■ **Exercise instructions**
Word for word, copy the entire listing below, but do not carry over any pictures.
==============================
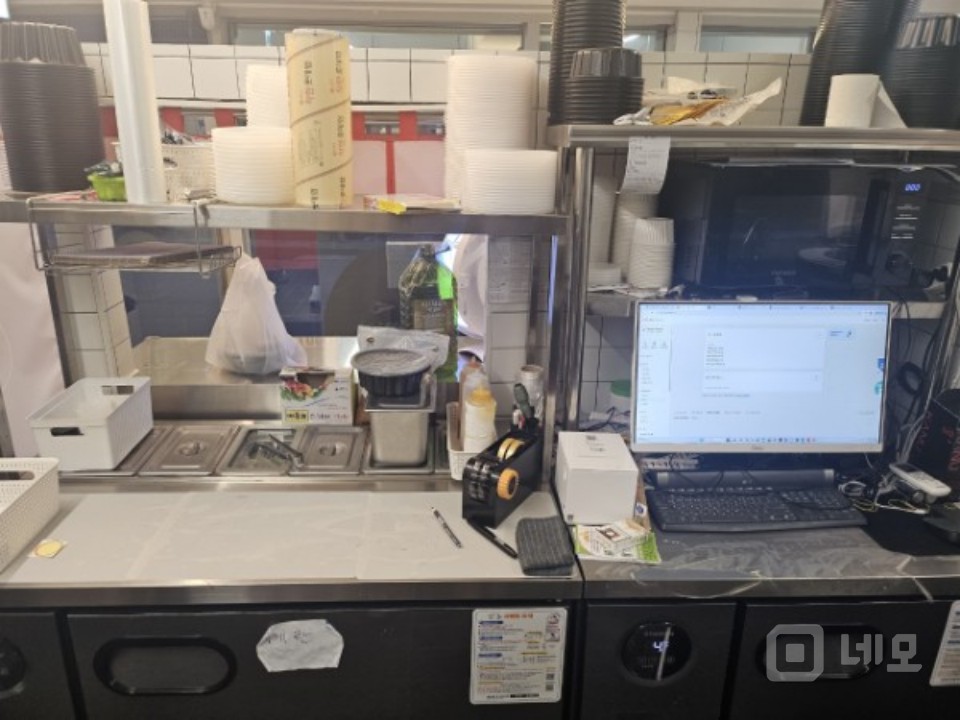 공릉동 숲길 메인자리 1층입니다 매물의 2번째 사진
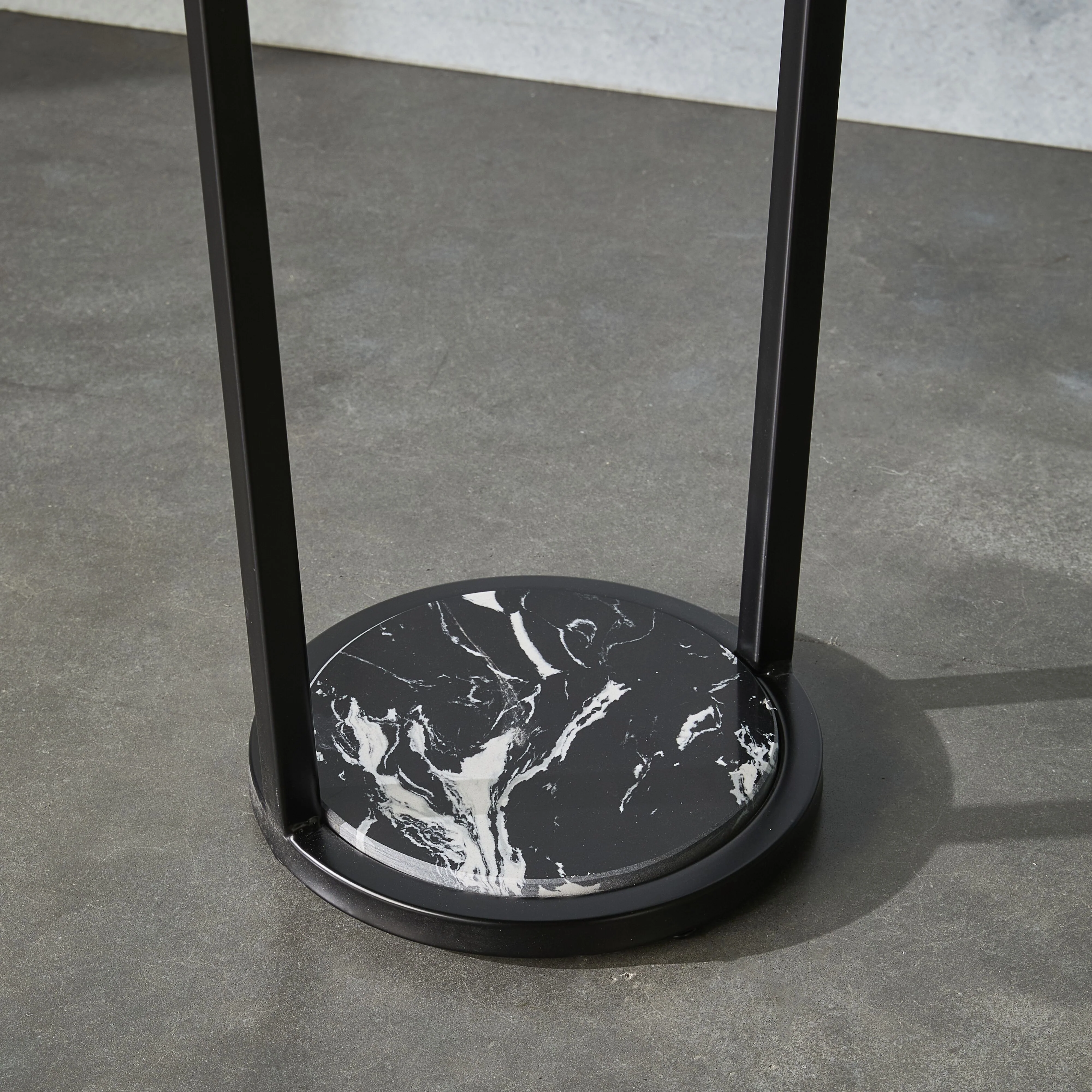 Nero Plant Table - Image 6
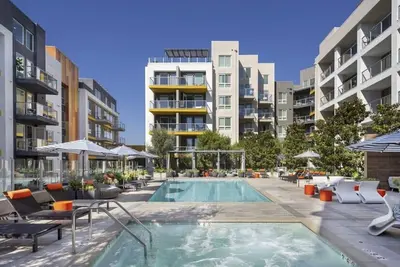 Image de Spacious 2bd 2ba with Huge Balcony, Near Venice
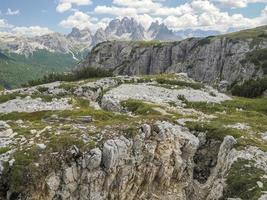 ww1 gräben am monte piana 2.324 meter hoher berg in den sextener dolomiten an der grenze zu italien und österreich. foto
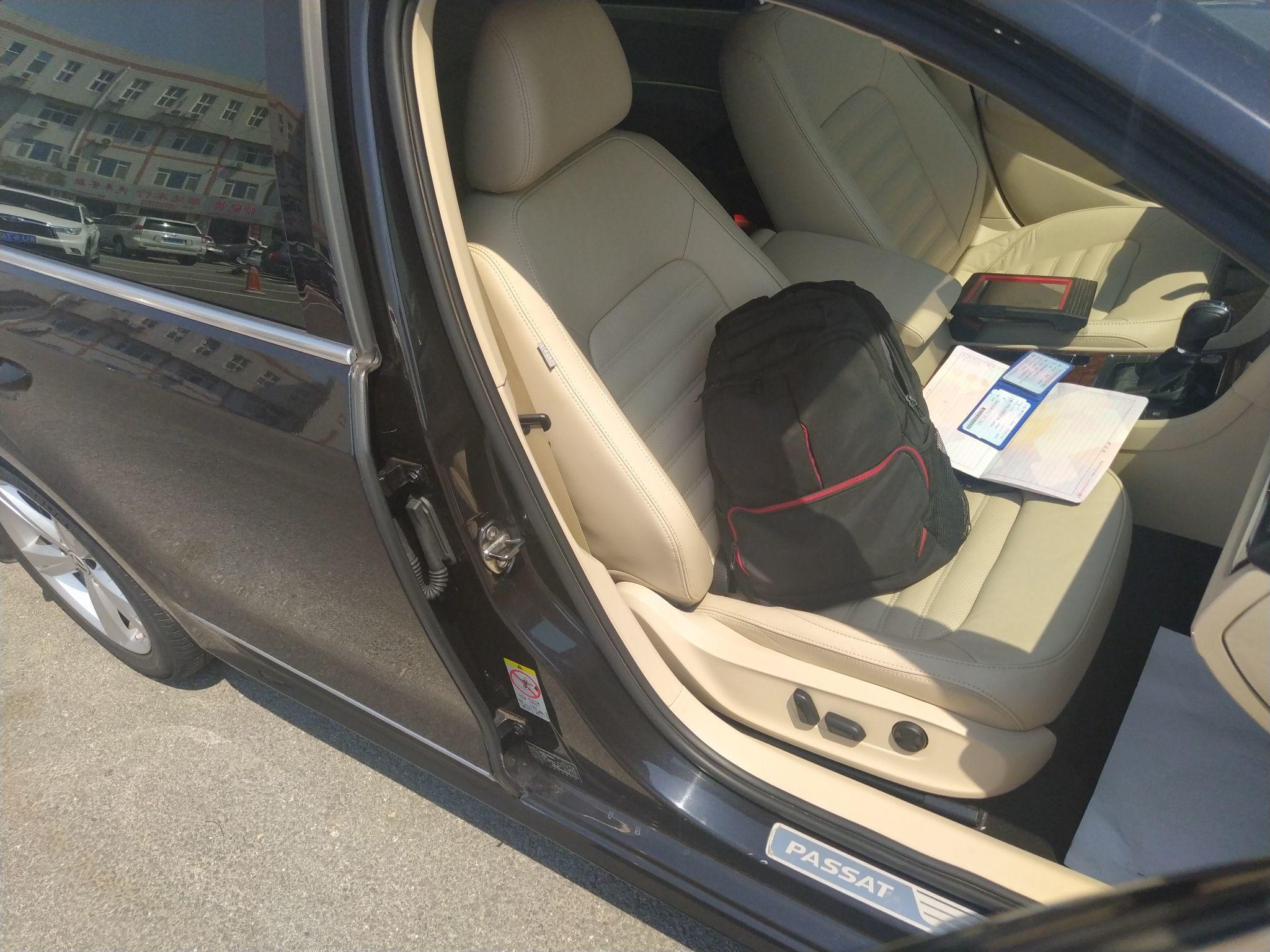 大众 帕萨特 2013款 1.8TSI DSG御尊版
==============================
■ **Final answer**
 공릉동 숲길 메인자리 1층입니다 매물의 2번째 사진
 Nero Plant Table - Image 6
 Image de Spacious 2bd 2ba with Huge Balcony, Near Venice
 ww1 gräben am monte piana 2.324 meter hoher berg in den sextener dolomiten an der grenze zu italien und österreich. foto
 大众 帕萨特 2013款 1.8TSI DSG御尊版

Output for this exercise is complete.